Cook a pound of spaghetti, drain and mix 1 cup of milk and 1 cup of mozzarella cheese. Put into bottom of 9×13 pan, bake at 350° for 15 minutes. Remove from oven and top it off with your favorite spaghetti sauce, pepperoni, Cudighi sausage (or another meat – your choice), some veggies of choice and 2 cups of mozzarella and 1/2 cup grated Parmesan. Return to oven for 30 minutes. Enjoy!
3 Cheese Mac & Cheese
Boil 16 oz. of macaroni. Add 2 cups of cheddar cheese. 2 cups of Swiss cheese. 1 cup Parmesan cheese . 2 cups milk. 4 tbsp butter. 3 tbsp flour. 2 cups crushed crackers.

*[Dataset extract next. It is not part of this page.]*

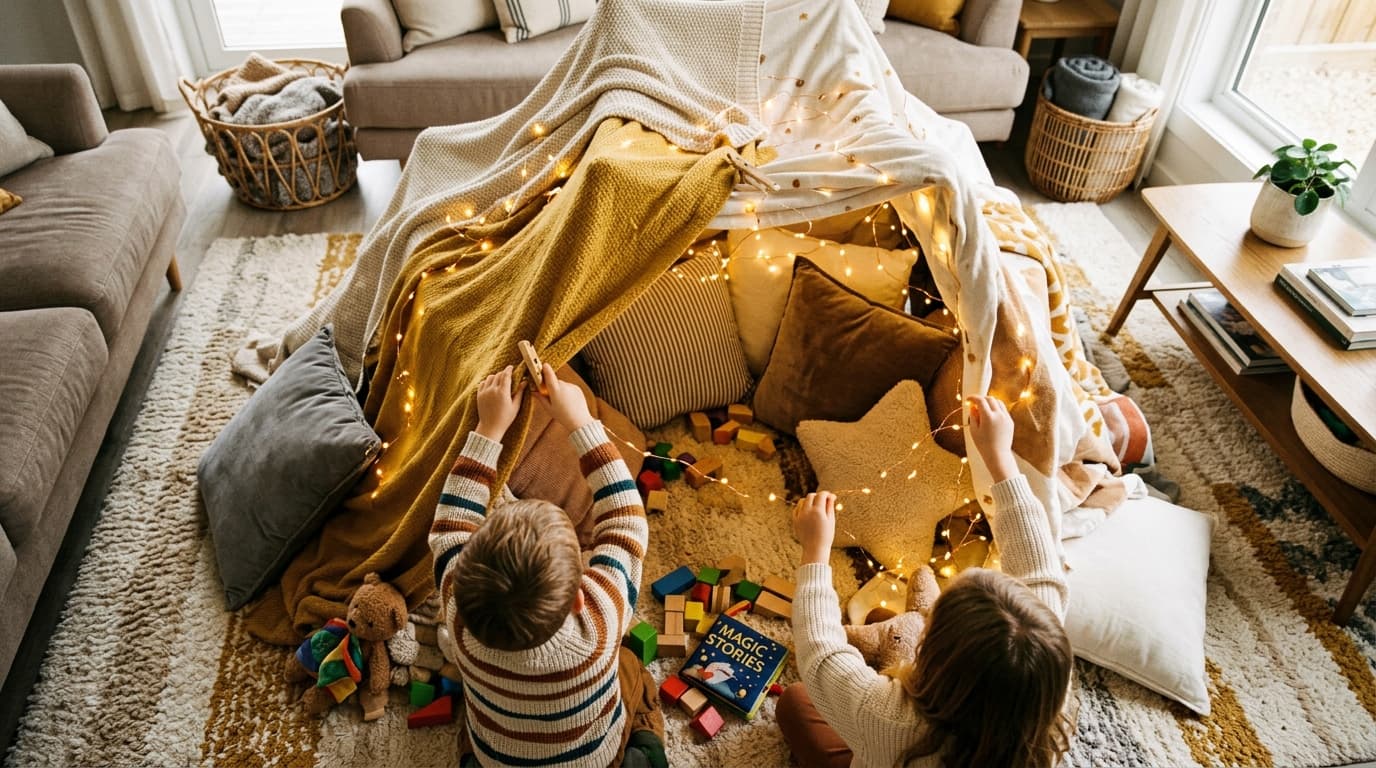 Ideias de atividades para fazer com as crianças em casa - Entretenimento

Melt some butter in saucepan add flour and stir. Cook flour for 1 minute and then slowly add milk. Keep cooking and stirring until thick. Take off heat and add 1 cup of cheddar cheese and 1 cup of Swiss cheese. Stir until melted and well blended. In a greased 9×13 dish place macaroni and cover with cheese sauce top with crushed crackers and remaining cheeses. Bake at 350 for 45 minutes until heated through and golden brown.
Chicken & Stuffing Casserole
Use 1 lb. of chicken pieces pre-cooked for 10 minutes at 350 in a greased 9×13 pan. In a large bowl, combine one package of Stuffing mix, 4 tbsp of butter (melted), 1/2 cup of water, one can of cream of mushroom soup and one can of water (whip these together before adding to the stuffing mix).

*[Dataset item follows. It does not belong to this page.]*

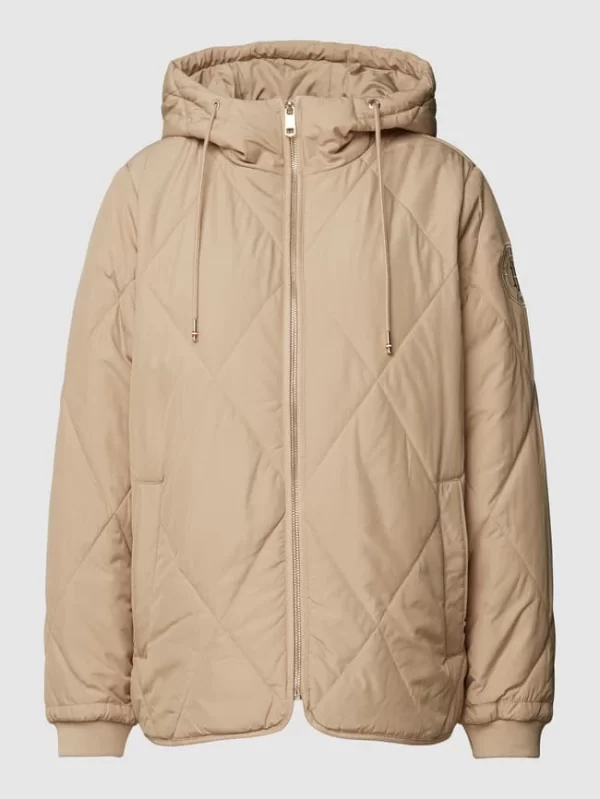 Tommy Hilfiger Steppjacke Mit Kapuze – Beige 3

Once chicken has begun to cook on the outside, spread stuffing mix over the top and bake in a 350 degree oven for 30 minutes until brown and bubbly.
Add molasses, brown sugar, ketchup and mustard to four cans of beans. Mix all together. Add minced onions. You can season to taste. Place in a baking dish and top off with bacon strips. Bake uncovered for about 45 minutes to 1 hour at 350 degrees.
Anne Schneider Meny
Take 6 chicken breasts and place them in a 9×13 pan. First, make some homemade bruschetta (1 cup chopped tomatoes, ½ cup chopped onions, 3 tbsp chopped fresh basil, ½ cup balsamic vinegar, a dash of olive oil, and a dash of salt to taste).
Spread the bruschetta on top of the chicken breasts. Bake at 375 degrees for 35 minutes. Remove from oven- sprinkle with fresh, grated Parmesan cheese and put back in the oven for another 10 minutes. Serve with rice and fresh veggies.